_Work task_
Starting with the line below that holds "Living_root_bridges,_Nongriat_village,_Meghalaya2" and stopping after the line that holds "花で遊ぶパグ 缶バッジ (正面&裏面)", transcribe the lines exactly, leaving out all pictures.

───── Given records ─────

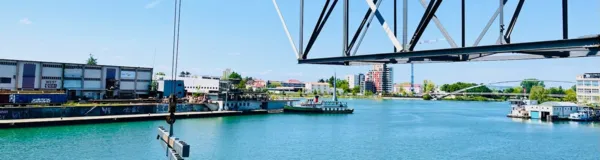 BaselLive Newsletter Edition #73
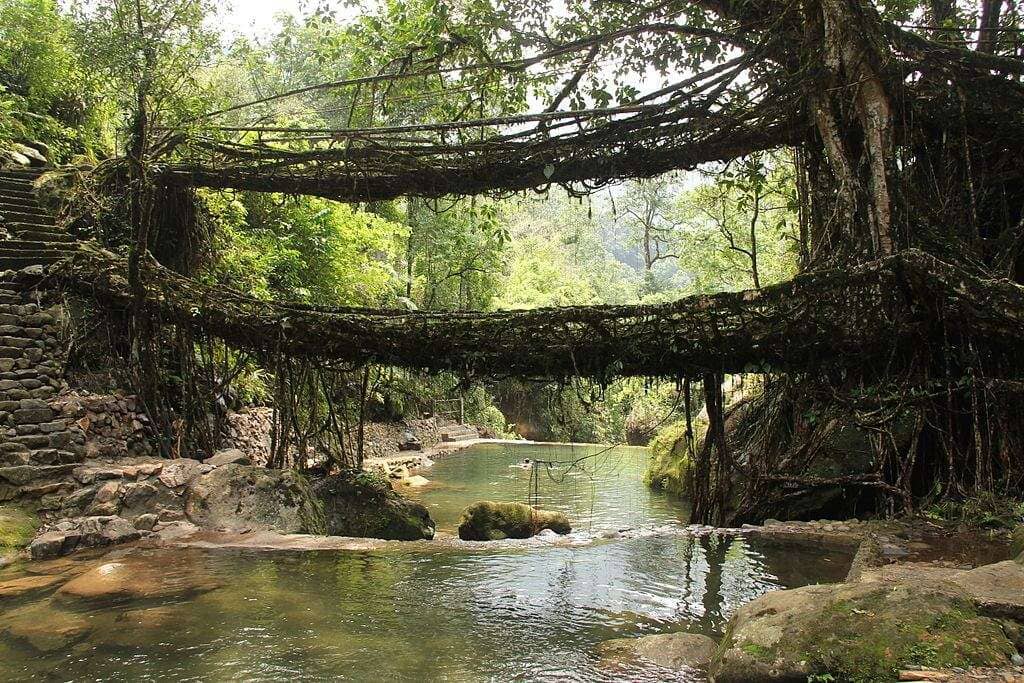 Living_root_bridges,_Nongriat_village,_Meghalaya2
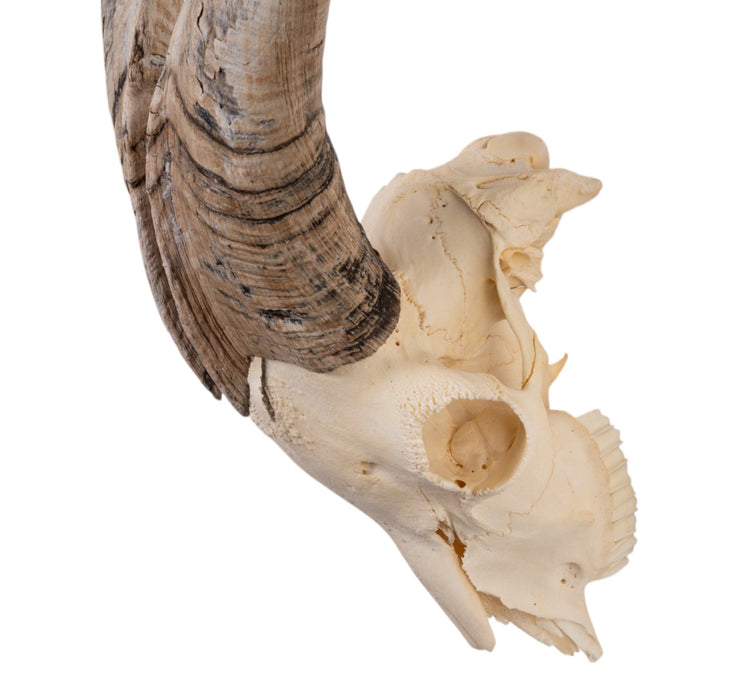 Real Domestic Goat Skull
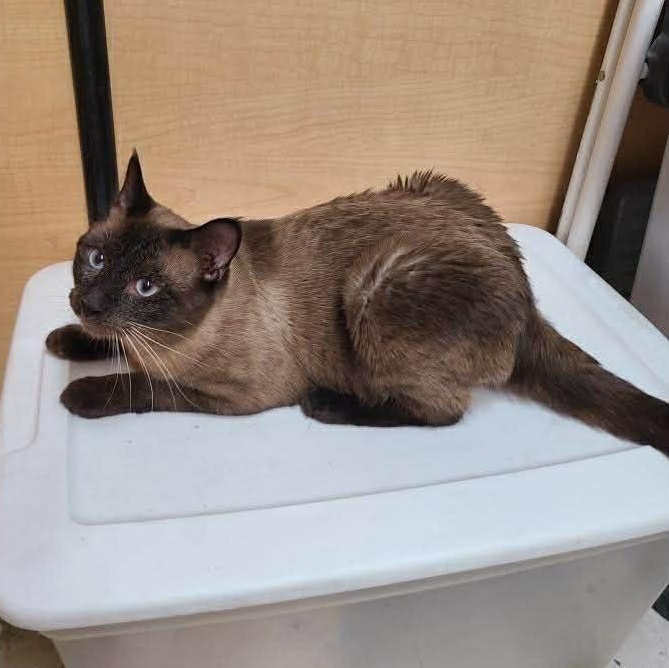 Enlarge Figgy, an adopted mixed breed in Queen Creek, AZ image 5/6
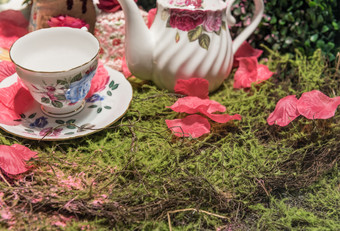 豪华的奶油茶野餐聚会，派对场景与花花瓣和老成形<strong>瓷质</strong>茶集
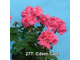 Пеларгония Edem Gem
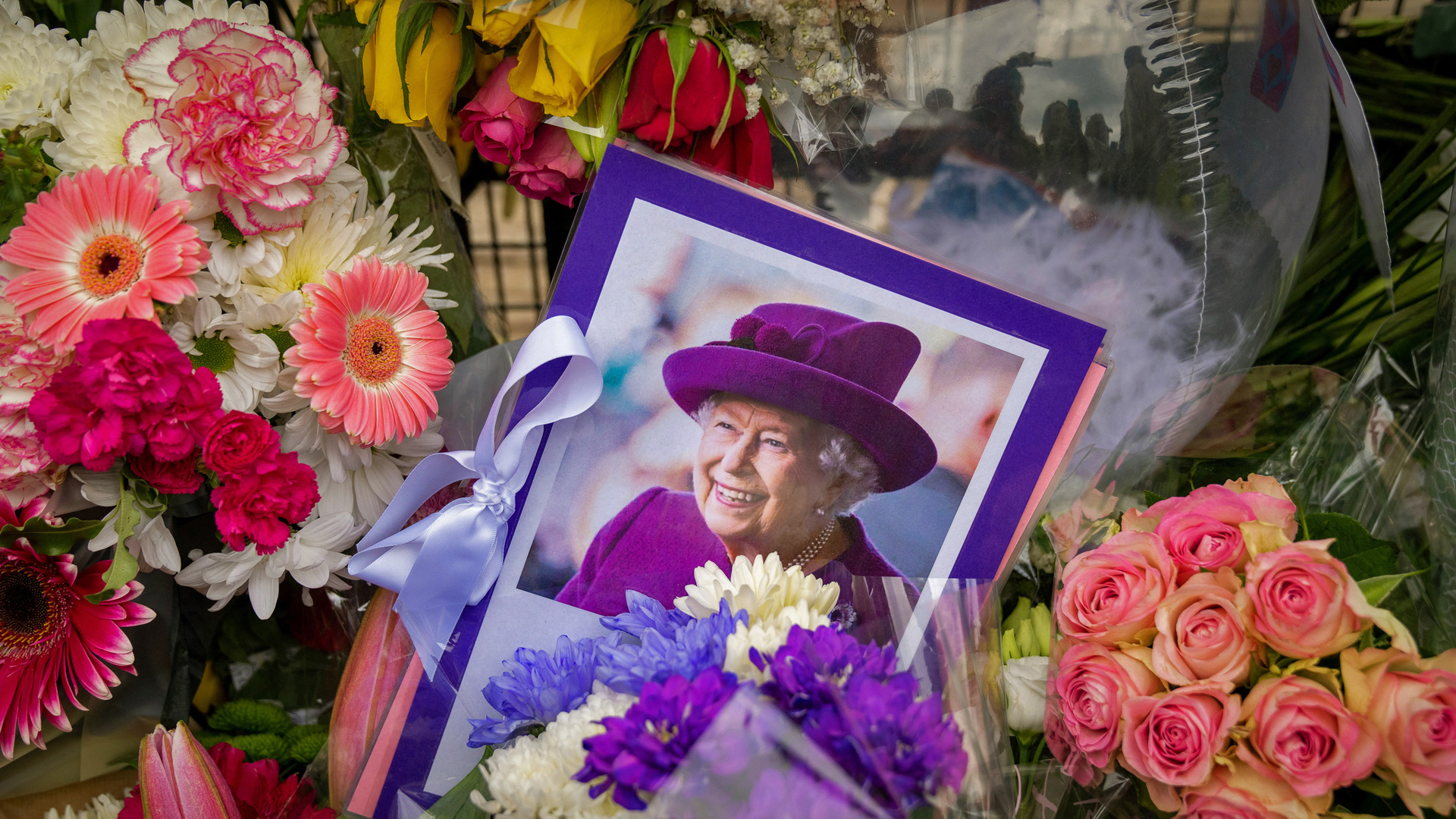 Floral tributes left in London following the death of Queen Elizabeth II (© Maja Smiejkowska/Reuters)(Bing United Kingdom)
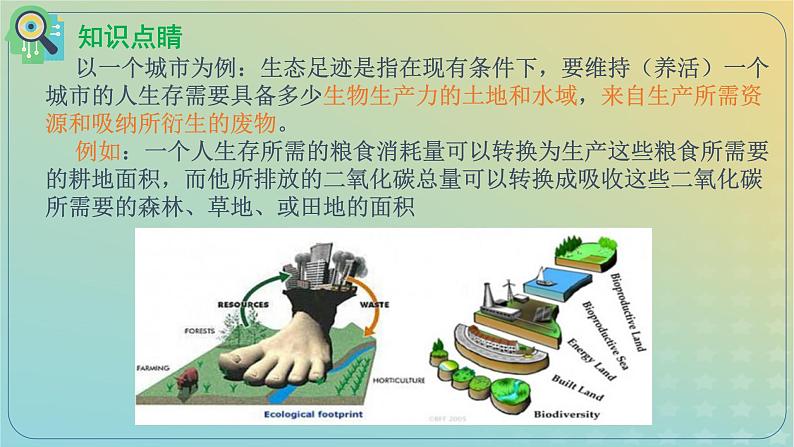 新教材同步备课系列2023高中生物4.1人类活动对生态环境的影响课件新人教版选择性必修205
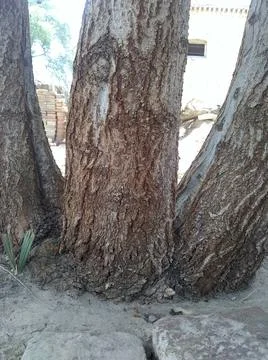A tree whose roots are spreading Stock Photos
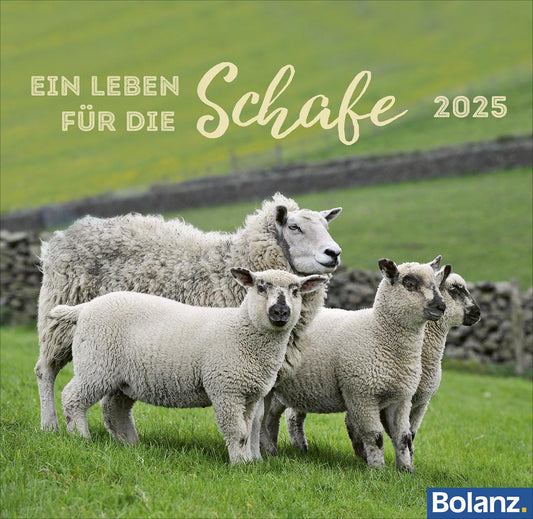 Ein Leben für die Schafe 2025 - Tischkalender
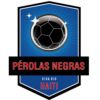 https://img.jingbaotiyu.cn/img/football/team/a8830993e87a74df455ca81a476f6213.png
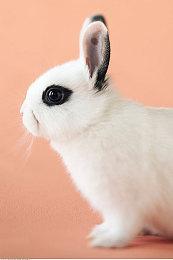 《Witching Stone》PC试玩发布 肉鸽解谜战斗迷宫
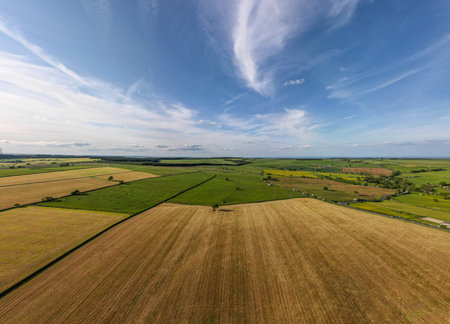 Aerial view of the harvest fields in Poland. Drone photography.の写真素材
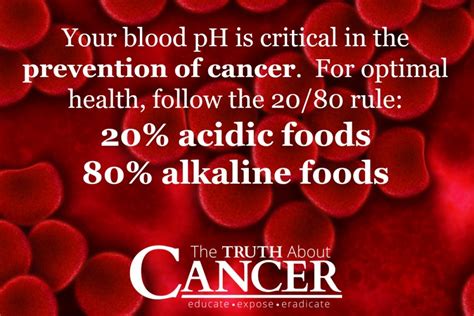 Understanding Blood pH And It's Critical Role In The Prevention Of Cancer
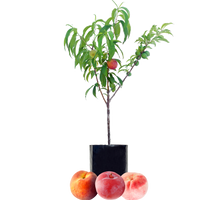 Peach + Peach + Plum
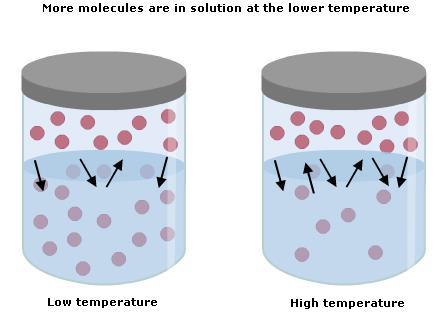 Effect of temperature on solubility Generally, an increase in the temperature of the solution increases the solubility of a solid solute.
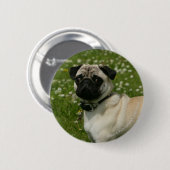 花で遊ぶパグ 缶バッジ (正面&裏面)
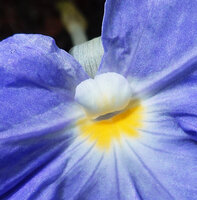 Siphonochilus brachystemon, small hyaline petal lobe, blue labellum, yellow insect guide and white anther crest, Sonjo waterfall, Udzungwa NP, Tanzania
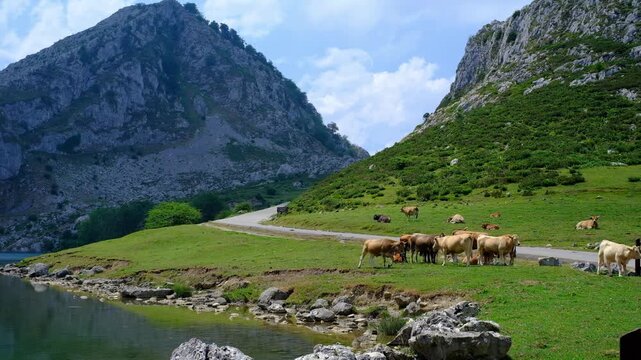 Cows grazing in a lush green mountain pasture valley next to a paved road, with imposing limestone peaks and a small lake in the Picos de Europa National Park, Spain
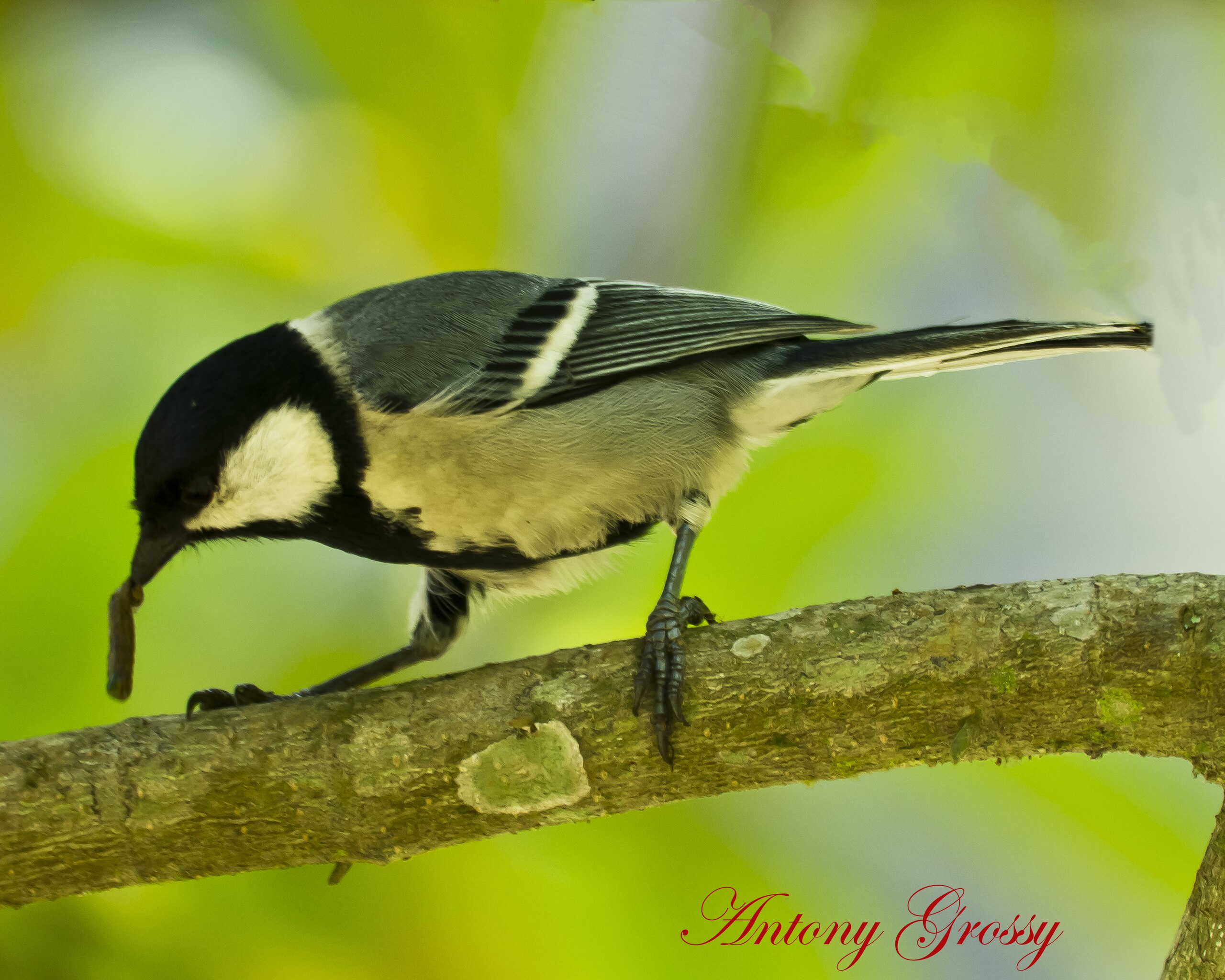 Great Tit, Parus Major. is a Passerine Bird in the Tit Family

─────

_Answer to the exercise_
 Living_root_bridges,_Nongriat_village,_Meghalaya2
 Real Domestic Goat Skull
 Enlarge Figgy, an adopted mixed breed in Queen Creek, AZ image 5/6
 豪华的奶油茶野餐聚会，派对场景与花花瓣和老成形<strong>瓷质</strong>茶集
 Пеларгония Edem Gem
 Floral tributes left in London following the death of Queen Elizabeth II (© Maja Smiejkowska/Reuters)(Bing United Kingdom)
 新教材同步备课系列2023高中生物4.1人类活动对生态环境的影响课件新人教版选择性必修205
A tree whose roots are spreading Stock Photos
 Ein Leben für die Schafe 2025 - Tischkalender
 https://img.jingbaotiyu.cn/img/football/team/a8830993e87a74df455ca81a476f6213.png
 《Witching Stone》PC试玩发布 肉鸽解谜战斗迷宫
 Aerial view of the harvest fields in Poland. Drone photography.の写真素材
 Understanding Blood pH And It's Critical Role In The Prevention Of Cancer
 Peach + Peach + Plum
 Effect of temperature on solubility Generally, an increase in the temperature of the solution increases the solubility of a solid solute.
 花で遊ぶパグ 缶バッジ (正面&裏面)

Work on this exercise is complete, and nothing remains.